Many capital market sources were not convinced by her explanation, wondering whether there were other factors motivating the CEO's announcement.
One could be the Knesset Finance Committee's initiative to enable the state to sell off the remainder of its holdings in the bank. Should the legislation pass, the government's share in the bank could be sold off to the public by mid-2012, at which point shareholders would have to choose replacements for the one-third of the board scheduled to complete their terms.

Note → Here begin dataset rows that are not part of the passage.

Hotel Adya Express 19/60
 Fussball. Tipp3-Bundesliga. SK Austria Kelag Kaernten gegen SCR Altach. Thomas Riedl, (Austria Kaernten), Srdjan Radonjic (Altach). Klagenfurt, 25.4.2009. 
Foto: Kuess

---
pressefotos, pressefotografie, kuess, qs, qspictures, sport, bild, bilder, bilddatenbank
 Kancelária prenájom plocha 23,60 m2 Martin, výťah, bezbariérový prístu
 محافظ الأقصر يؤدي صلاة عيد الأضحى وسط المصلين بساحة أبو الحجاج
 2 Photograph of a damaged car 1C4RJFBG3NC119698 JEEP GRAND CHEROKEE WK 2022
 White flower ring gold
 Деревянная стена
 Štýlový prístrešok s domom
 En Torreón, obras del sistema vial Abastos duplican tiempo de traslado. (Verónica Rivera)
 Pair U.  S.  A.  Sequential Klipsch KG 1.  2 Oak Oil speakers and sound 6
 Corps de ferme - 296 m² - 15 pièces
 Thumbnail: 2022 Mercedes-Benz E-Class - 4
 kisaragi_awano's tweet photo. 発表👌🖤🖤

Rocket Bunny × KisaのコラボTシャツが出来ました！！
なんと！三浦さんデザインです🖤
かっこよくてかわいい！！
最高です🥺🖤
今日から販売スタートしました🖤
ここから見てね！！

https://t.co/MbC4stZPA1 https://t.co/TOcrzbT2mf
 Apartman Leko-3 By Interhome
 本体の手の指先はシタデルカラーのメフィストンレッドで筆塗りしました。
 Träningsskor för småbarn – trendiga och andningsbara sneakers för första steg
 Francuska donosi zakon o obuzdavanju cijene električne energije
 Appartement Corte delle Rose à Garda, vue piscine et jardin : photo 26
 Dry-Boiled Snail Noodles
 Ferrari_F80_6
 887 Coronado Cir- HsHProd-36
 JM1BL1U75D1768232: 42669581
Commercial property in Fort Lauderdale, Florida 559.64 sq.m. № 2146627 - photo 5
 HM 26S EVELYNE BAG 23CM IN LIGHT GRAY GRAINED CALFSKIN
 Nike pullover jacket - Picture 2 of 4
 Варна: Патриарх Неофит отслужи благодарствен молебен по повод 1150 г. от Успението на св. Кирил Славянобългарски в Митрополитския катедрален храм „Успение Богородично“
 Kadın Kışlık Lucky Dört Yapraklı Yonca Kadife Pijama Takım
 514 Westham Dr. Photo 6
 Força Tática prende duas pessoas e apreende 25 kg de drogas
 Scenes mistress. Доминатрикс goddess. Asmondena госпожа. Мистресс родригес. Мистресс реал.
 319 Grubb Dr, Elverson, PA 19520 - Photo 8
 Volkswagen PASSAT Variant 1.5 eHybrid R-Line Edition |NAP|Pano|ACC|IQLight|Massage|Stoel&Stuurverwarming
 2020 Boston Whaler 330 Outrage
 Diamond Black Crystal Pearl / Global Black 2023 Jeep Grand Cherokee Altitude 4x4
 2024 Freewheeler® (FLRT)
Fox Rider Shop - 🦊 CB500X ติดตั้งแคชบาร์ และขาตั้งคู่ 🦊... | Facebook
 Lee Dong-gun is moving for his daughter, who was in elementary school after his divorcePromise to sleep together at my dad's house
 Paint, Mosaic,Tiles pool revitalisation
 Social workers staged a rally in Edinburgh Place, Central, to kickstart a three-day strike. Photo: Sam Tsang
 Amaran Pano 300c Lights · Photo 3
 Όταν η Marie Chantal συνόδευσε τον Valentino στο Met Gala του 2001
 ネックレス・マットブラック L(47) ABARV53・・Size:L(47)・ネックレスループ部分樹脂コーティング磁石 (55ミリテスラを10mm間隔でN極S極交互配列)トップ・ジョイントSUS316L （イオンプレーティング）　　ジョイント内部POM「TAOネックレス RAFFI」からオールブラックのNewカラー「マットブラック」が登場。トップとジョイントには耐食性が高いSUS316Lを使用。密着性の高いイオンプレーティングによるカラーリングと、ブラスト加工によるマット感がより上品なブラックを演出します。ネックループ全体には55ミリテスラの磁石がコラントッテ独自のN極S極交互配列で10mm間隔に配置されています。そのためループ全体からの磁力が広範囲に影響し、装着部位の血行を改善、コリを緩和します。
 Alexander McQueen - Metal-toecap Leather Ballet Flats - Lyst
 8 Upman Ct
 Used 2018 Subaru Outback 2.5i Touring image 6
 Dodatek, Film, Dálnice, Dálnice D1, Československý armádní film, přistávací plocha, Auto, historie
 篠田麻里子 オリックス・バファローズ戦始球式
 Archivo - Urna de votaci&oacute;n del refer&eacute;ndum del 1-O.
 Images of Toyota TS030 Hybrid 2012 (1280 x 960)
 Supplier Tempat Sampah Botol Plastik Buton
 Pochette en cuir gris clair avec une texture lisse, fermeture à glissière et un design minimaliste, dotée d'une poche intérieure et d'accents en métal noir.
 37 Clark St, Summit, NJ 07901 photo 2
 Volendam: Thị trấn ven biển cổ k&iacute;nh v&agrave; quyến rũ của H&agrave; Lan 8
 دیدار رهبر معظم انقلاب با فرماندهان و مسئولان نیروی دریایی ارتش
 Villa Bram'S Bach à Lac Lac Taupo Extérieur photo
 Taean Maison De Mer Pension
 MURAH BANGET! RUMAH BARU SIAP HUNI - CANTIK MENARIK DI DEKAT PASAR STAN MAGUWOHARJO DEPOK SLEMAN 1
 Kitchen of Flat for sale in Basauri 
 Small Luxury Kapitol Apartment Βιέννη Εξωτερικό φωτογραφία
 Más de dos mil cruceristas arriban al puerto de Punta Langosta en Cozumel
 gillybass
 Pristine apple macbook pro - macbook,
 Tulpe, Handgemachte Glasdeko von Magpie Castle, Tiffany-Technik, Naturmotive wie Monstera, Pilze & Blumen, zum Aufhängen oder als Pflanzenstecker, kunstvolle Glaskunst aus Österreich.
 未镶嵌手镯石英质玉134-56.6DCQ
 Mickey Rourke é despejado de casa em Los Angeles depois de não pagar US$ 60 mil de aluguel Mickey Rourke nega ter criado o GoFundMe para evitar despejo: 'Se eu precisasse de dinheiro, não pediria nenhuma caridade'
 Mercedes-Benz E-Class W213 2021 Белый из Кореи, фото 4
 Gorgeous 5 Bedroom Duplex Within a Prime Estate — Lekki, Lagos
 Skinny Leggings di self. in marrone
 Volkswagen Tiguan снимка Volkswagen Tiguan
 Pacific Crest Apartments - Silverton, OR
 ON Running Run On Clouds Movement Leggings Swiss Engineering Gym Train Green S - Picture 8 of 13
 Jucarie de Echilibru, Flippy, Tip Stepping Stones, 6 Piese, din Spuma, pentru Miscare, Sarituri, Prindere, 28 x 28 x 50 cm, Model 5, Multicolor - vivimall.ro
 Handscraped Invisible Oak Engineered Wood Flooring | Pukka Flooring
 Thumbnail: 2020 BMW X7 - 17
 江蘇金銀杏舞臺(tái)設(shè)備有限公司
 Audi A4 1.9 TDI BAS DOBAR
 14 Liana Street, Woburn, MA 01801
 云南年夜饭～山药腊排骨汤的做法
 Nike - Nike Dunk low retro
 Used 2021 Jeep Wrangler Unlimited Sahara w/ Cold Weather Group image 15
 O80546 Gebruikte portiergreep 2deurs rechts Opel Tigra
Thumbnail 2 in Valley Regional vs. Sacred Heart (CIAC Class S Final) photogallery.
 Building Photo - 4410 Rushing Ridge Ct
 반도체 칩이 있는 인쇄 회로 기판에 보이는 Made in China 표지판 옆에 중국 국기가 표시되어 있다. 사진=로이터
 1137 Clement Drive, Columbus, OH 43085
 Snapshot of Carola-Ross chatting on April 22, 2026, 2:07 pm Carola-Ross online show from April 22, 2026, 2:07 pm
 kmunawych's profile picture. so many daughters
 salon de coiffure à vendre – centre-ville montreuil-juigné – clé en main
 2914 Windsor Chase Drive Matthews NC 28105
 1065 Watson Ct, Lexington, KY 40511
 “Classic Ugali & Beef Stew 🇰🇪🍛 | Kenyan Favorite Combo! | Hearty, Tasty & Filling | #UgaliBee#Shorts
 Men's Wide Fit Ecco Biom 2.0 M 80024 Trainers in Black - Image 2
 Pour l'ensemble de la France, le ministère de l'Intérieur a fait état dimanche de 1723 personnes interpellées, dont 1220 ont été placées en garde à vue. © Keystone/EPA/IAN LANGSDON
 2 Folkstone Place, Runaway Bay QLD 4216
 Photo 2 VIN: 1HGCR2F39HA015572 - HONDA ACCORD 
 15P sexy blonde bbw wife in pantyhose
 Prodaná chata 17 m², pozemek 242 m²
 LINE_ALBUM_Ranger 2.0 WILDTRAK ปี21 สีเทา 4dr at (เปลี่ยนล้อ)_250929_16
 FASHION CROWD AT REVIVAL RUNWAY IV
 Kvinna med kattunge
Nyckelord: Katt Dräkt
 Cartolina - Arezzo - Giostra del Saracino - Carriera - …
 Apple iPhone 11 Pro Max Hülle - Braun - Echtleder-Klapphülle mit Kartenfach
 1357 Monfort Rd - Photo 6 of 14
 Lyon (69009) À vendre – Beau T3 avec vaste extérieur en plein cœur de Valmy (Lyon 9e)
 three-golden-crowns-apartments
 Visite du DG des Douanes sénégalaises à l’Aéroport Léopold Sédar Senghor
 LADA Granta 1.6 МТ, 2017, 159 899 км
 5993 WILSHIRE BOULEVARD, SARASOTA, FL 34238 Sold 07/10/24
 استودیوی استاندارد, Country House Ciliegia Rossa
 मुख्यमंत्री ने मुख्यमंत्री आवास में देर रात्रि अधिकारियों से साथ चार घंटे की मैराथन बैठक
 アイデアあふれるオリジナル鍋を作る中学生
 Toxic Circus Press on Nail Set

Maor had considered stepping down two years ago in a bid to become the bank's chairwoman, but withdrew her candidacy amid pressure from the public and from Attorney General Yehuda Weinstein, who believed it improper for a CEO to jump straight into the post charged with supervising the CEO.
Banking sector sources said they didn't believe Maor's resignation meant she was retiring. However, it does likely mean the bank is entering an era of internal power struggles and friction among the top management.
Leumi chairman David Brodet said that he would lead the committee to find a new CEO, and that candidates would be named soon.
Maor had been grooming the head of the bank's corporate division, Rakefet Russak-Aminoach, as her replacement, naming her her senior deputy several months ago. Russak-Aminoach had started her career as Maor's personal assistant when Maor was the bank's deputy CEO.
Russak-Aminoach is also close to the Ofer family, one of the bank's biggest borrowers, and her husband worked at various Ofer brothers companies for years. Her sister, Ayelet Bar-Azar, is an external director at Koor, a member of the IDB group, another one of the country's most powerful conglomerates.
Another strong candidate is Kobi Haber, head of the bank's economics and finance department and a former Finance Ministry budgets director.
Former banks commissioner Roni Hizkiyahu has also been mentioned as a potential candidate.
Maor started her career at the Bank of Israel in 1963, where she filled a string of management positions before leaving the central bank in 1989. She has been at Leumi since 1991, and has been the bank's CEO since 1995.